INFORMATION SUPPLIED:
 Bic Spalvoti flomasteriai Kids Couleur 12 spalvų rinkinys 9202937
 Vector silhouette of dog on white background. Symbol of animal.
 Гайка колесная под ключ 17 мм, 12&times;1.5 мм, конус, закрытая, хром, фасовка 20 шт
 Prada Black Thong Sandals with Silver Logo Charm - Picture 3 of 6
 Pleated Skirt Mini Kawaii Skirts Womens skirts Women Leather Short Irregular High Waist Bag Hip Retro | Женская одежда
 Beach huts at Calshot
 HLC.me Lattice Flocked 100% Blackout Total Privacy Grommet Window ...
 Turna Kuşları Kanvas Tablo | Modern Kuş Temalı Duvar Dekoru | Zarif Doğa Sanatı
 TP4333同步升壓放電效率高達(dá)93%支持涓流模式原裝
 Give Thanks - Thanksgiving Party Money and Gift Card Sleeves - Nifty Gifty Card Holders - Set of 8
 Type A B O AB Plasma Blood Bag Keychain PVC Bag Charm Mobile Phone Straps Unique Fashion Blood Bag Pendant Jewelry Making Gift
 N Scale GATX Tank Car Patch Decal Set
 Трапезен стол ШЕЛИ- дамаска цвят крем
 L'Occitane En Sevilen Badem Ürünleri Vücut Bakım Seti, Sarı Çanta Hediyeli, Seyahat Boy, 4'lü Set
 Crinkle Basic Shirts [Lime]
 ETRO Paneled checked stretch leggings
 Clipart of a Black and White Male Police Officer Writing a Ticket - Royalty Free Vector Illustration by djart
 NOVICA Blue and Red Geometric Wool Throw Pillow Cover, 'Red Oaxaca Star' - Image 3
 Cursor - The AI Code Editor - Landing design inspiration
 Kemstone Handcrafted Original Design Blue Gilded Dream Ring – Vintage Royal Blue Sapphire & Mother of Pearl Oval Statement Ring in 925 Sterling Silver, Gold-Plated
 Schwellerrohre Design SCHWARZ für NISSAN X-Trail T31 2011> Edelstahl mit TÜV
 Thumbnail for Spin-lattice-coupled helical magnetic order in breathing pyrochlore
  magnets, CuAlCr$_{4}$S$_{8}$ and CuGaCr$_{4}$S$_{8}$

YOUR TASK: Copy every line in the records above that contains the word "Charm".

WRITTEN ANSWER:
 Prada Black Thong Sandals with Silver Logo Charm - Picture 3 of 6
 Type A B O AB Plasma Blood Bag Keychain PVC Bag Charm Mobile Phone Straps Unique Fashion Blood Bag Pendant Jewelry Making Gift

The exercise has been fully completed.